Europe, Middle East and Africa
Political battles over Brexit will overshadow a bumper week of U.K. economic events. Labor market, inflation and retail sales data will all give a sense of the strength of consumer resilience and demand at a troubled time and the Bank of England meets on Thursday.
In the euro zone, purchasing manager survey numbers on Friday will provide an initial glimpse of the region’s industrial and service-sector health at the end of the first quarter, a well-timed gauge in the aftermath of the European Central Bank’s latest attempt to bolster economic growth amid nagging fears of a deepening slowdown. Russia’s central bank is expected to hold interest rates steady when it meets on Friday, but may signal easing could start sooner than previously expected. In South Africa, data is forecast to show inflation accelerating.
Central banks in Thailand, the Philippines and Indonesia are all scheduled for policy meetings.

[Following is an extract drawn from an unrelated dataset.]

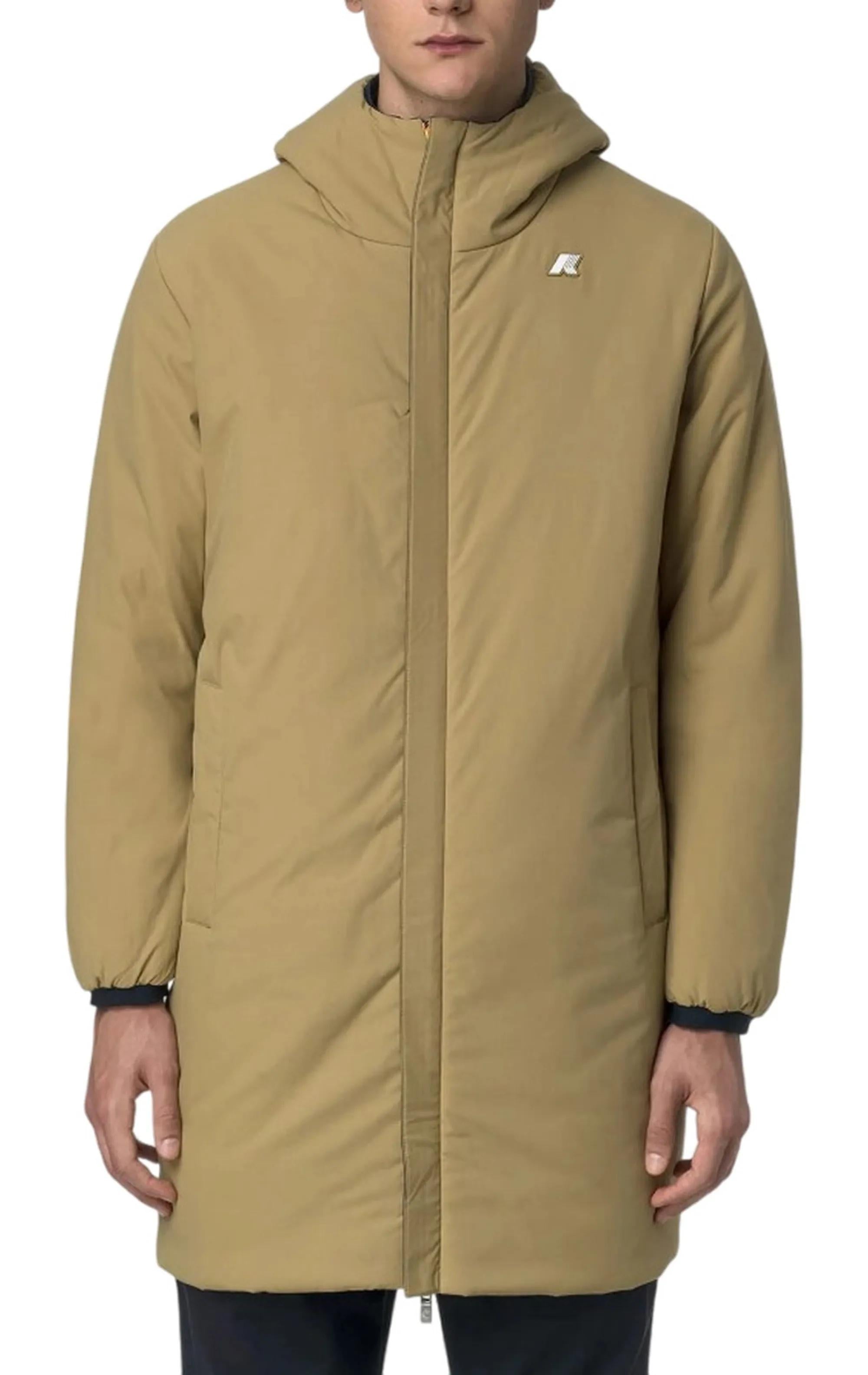 K-WAY giubbino K-WAY Trench Jacob St Warm Reversible winter K6128WWATJ K6128WW ATJ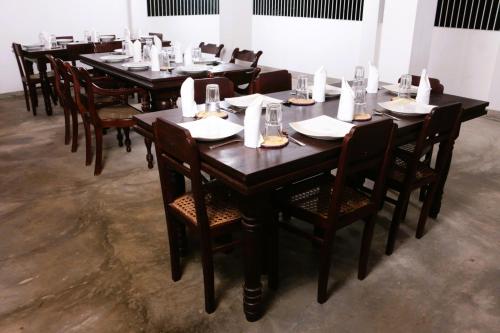 مطعم, Muduna Walawwa Resort in انيواتا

The Fed pause and resulting let-off in pressures facing emerging market currencies has changed the conversation, with attention now swinging to which authorities have room to ease policy. Australia will release jobs numbers for February -- any weakness there would add to swelling bets that the next move for the RBA will be a rate cut.
Investors will stay focused on developments in the U.S.-China trade war and some will cast their eye to Japan and the burgeoning debate over whether its central bank should change its inflation target.
While Brazil’s Jair Bolsonaro makes his first presidential visit to the U.S., the Brazilian central bank holds its first monetary policy meeting under new chief Roberto Campos Neto. It is widely expected to hold its benchmark at an all-time low on Wednesday, but investors will be watching for any signs of additional rate cuts following a series of disappointing economic data. On Thursday, the popularity of Argentinian President Mauricio Macri may suffer another blow as fourth-quarter gross domestic product and unemployment data are poised to show the economy further sinking into recession. On Friday, Colombia’s central bank is expected to keep its key rate at 4.25 percent as subdued inflation supports the case for delaying monetary tightening. Canada’s government releases its budget on Tuesday.